Lacklustre Performance Is Driving Gurit Holding AG's (VTX:GURN) 26% Price Drop

Simply Wall St · 10/17 04:09

To the annoyance of some shareholders, Gurit Holding AG (VTX:GURN) shares are down a considerable 26% in the last month, which continues a horrid run for the company. For any long-term shareholders, the last month ends a year to forget by locking in a 74% share price decline.

Although its price has dipped substantially, Gurit Holding's price-to-sales (or "P/S") ratio of 0.2x might still make it look like a strong buy right now compared to the wider Chemicals industry in Switzerland, where around half of the companies have P/S ratios above 3.5x and even P/S above 6x are quite common. Although, it's not wise to just take the P/S at face value as there may be an explanation why it's so limited.

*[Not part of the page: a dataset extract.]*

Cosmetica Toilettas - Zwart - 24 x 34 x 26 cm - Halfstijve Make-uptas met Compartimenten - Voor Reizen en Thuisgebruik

Check out our latest analysis for Gurit Holding

ps-multiple-vs-industry
SWX:GURN Price to Sales Ratio vs Industry October 17th 2024

What Does Gurit Holding's Recent Performance Look Like?

While the industry has experienced revenue growth lately, Gurit Holding's revenue has gone into reverse gear, which is not great. It seems that many are expecting the poor revenue performance to persist, which has repressed the P/S ratio. If you still like the company, you'd be hoping this isn't the case so that you could potentially pick up some stock while it's out of favour.

If you'd like to see what analysts are forecasting going forward, you should check out our free report on Gurit Holding.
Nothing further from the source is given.